Strangling the growth of content

If the promise of broadband (wired and wireless) access is that higher-speeds facilitate greater knowledge sharing and content development, Sri Lanka is committed to severely throttling this potential. As a post in Lirneasia highlights, the unhealthy primacy given to the numbers of users in a given network as opposed to the development of the Quality of Service (QoS) enjoyed by subscribers – in this case, getting the broadband speeds one pays for, which is never the case at the moment with a 2Mbps ADSL connection from SLT delivering 1’s and 0’s slower than a snail in heat – is bound to stifle the growth of ICT in Sri Lanka.
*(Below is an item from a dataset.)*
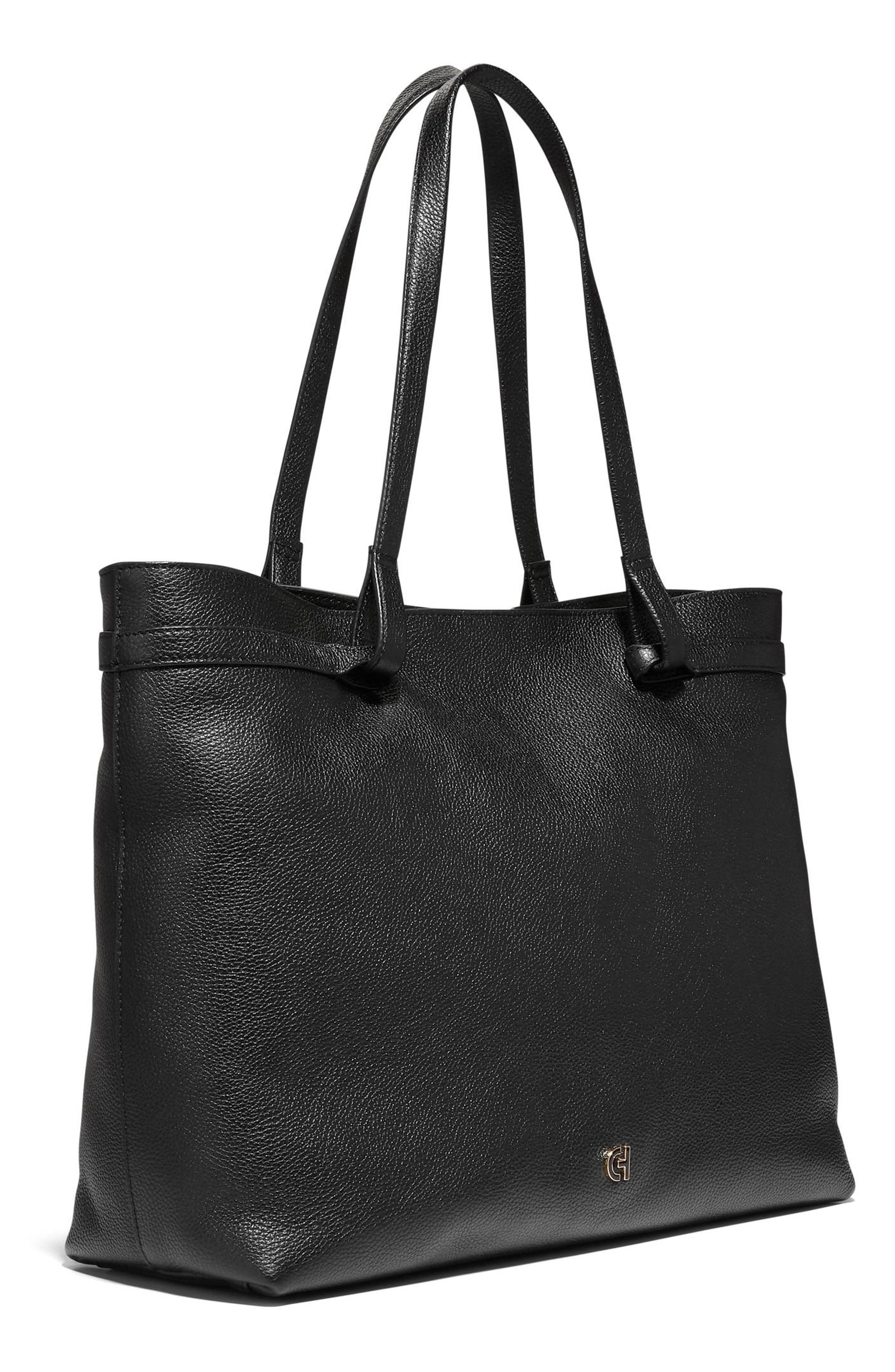 Cole Haan Essential Soft Leather Tote, Alternate, color, Black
If, as some of the commentors suggest, SLT is also contemplating an upward revision of ADSL access tariffs, this would put Sri Lanka further in the dark ages of telecoms and ICT development, where the norm is to provide the best possible access at the least possible cost, in order to create profits through the large scale adoption of large footprint wireless broadband access and / or high volume usage of wired / wireless broadband access. Surely, if the e-society vision of ICTA is to hold materialise, users need the bandwidth promised by ADSL and related wired / wireless technologies to create the content that will underpin knowledge sharing frameworks in the future – from citizens journalism which includes video and audio, civil society driven initiatives that encourage sharing of knowledge resources within and between grassroots networks, government driven initiatives to promote greater citizen interaction in governance frameworks and for-profit business driven ICT initiatives that seek to establish, through the promotion of products and interactive services on the web and through mobiles, a greater market share.
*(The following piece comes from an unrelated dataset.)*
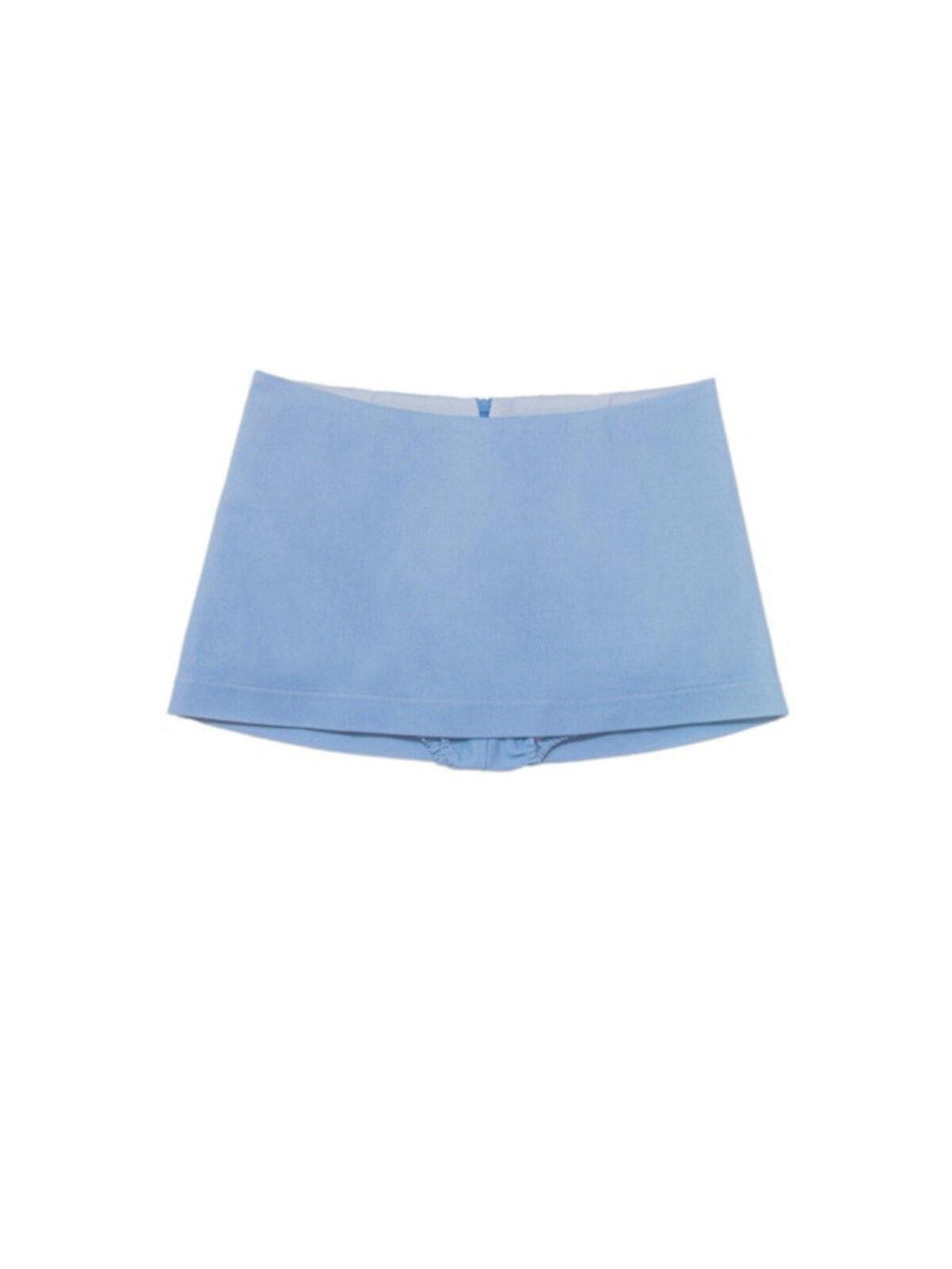 SCCREBEL Sky Blue Low Waist Hip Hugging Zipper Built In Shorts Women's Denim Mini Skirts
This intricate concert of content production, dissemination and consumption, is founded upon the sustained availability of broadband bandwidth and not a seething mass of users who are discontent with a deplorable level of service and high costs of access. If, as this blog promotes, peacebuilding is an important use of ICT in the future and is already on the roadmap of ICTA, SLT would do well to heed the the existing and future needs of users and provide them with the access speeds Sri Lanka requires to transform the rhetoric of ICT and the promise of ICT4D into reality.